Du DESIR ABSOLU
(Empédocle) "se leva et se dirigea vers l'Etna, puis, arrivé près du cratère de feu, plongea et disparut".(DL) Si nous mettons cette légende fameuse en rapport avec la sentence de Démocrite "La vérité est dans l'abîme" nous pouvons construire une hypothèse tout à fait extra-ordinaire : l'attraction, la tentation la plus radicale de l'être humain, celle qui soustend indirectement tous ses projets, toutes ses ambitions, toutes ses tentatives, celles mêmes qui paraissent le plus évidemment ressortir de la passion de vivre, ne serait que désir de mort. Encore faut-il préciser : la mort dont il est question ici est l'autre face de ce tout autre qui nous échappe nécessairement, à nous, mortels et sexués rivés à l'ordre du langage, condamnés à épeler mot à mot l'énigme insaisissable d'un devenir inachevé et problématique. L'être nous échappe par principe, et celui du monde et le nôtre de même, à tel titre que sa notion même nous est à jamais interdite.
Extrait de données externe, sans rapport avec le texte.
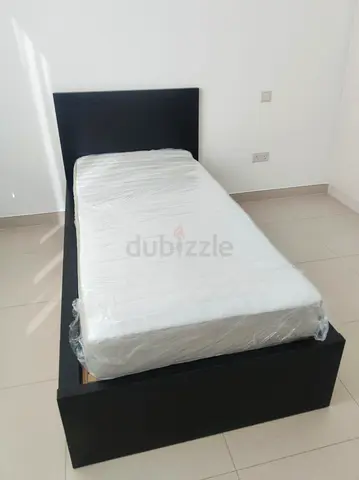 IKEA MALAM Single Bed frame (90x200) + High-quality IKEA mattress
Ce que, obscurément, nous désirons, c'est de sortir enfin de ce carcan, de franchir les limites du monde pour entrer de plein pied dans le domaine inconnaissable. "Plonger dans l'inconnu pour y trouver du nouveau".
Mais dans le même mouvement nous devinons l'extrême péril, nous devinons que nous n'avons pas les moyens de ce voyage, et que nous paierons notre audace au prix le plus fort. C'est le voyage dont nul ne revient, et seul un poète, comme Homère, peut y faire voyager son héros, et l'en faire revenir, voyage purement mythologique, fugue sans risque. Et nous faisons de même en peuplant l'Obscur de nos songes et de nos frayeurs, comme ces enfants tremblants dans le noir, jouant à se faire peur. On fait mine d'y aller mais on se garde bien du premier pas, égrenant la litanie de nos monstres intimes : Gorgones, Hadès, Perséphone.
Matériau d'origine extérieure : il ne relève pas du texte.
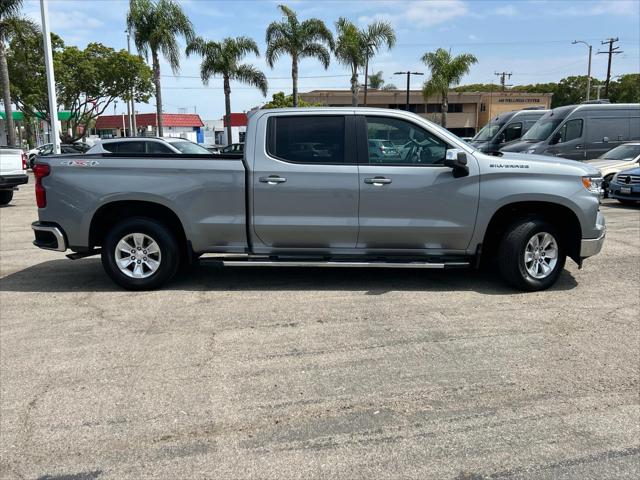 2024 Chevrolet Silverado 1500 4WD Crew Cab Standard Bed LT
C'est ainsi que l'on va se brûler l'âme et le corps dans de petites passions, de petites addictions transgressives, jouant à l'héroïque, question de se frotter au péril, petites jouissances, petites morts sans mort, y goûter l'avant goût de la mort, et revenir, surtout revenir tant qu'il n'est pas trop tard, et se ranger au plus vite au sort commun et ordinaire. Certains, plus entreprenants, plus hardis ou plus fous, feront le voyage. Toute la culture humaine, mythes, rites et pratiques se liguent contre cette folie, cette "hubris", multiplient les mises en garde, réitèrent l'interdit, recommandent la mesure et la tempérance : "ou mallon", pas plus.
Traduisons : il y aurait deux modalités du désir, le désir absolu (absolu signifie détaché de tout lien) - et le désir lié, les désirs soumis à la norme, contenus par l'ordre symbolique. Cette réserve, légitime et nécessaire, est si puissante, si pressante qu'il est quasiment impossible de discerner dans les modalités ordinaires du désir cette tendance absolue qui ne se révèle que dans les extrêmes passions, où vacille notre entendement, emporté dans la dérive.
Le refoulement nous protège de la folie. Mais alors quel gain peut-on espérer de la connaissance? Que se passe-t-il si l'on voit soudain cette béance qui s'ouvre dans le champ de la représentation? A vrai dire on ne le voit jamais si nettement, on l'entrevoit tout au plus, et c'est déjà très pérlleux. Mais supposons : que ferai-je à présent, suivrai-je le désir ou non, to be or not to be?
Evidemment non. Je sais que le désir absolu est irréalisable, la satisfaction impossible. Ferai-je chemin arrière, restaurant la méconnaissance? C'est également impossible. Il reste ceci : la vérité, assumer le désir en renonçant à le satisfaire. Que signifie? Cela signifie que je ne suis plus dupe de mes illusions, de mes idéalisations et autres constructions mentales, en toute chose je peux considérer la fin, la finalité inconsciente et méconnue. La vérité serait cette distance éclairante entre le désir et le réel, rapport impossible, et cependant nécessaire, écart structural qui mantient le processus vital, assurant la relance infinie du désir.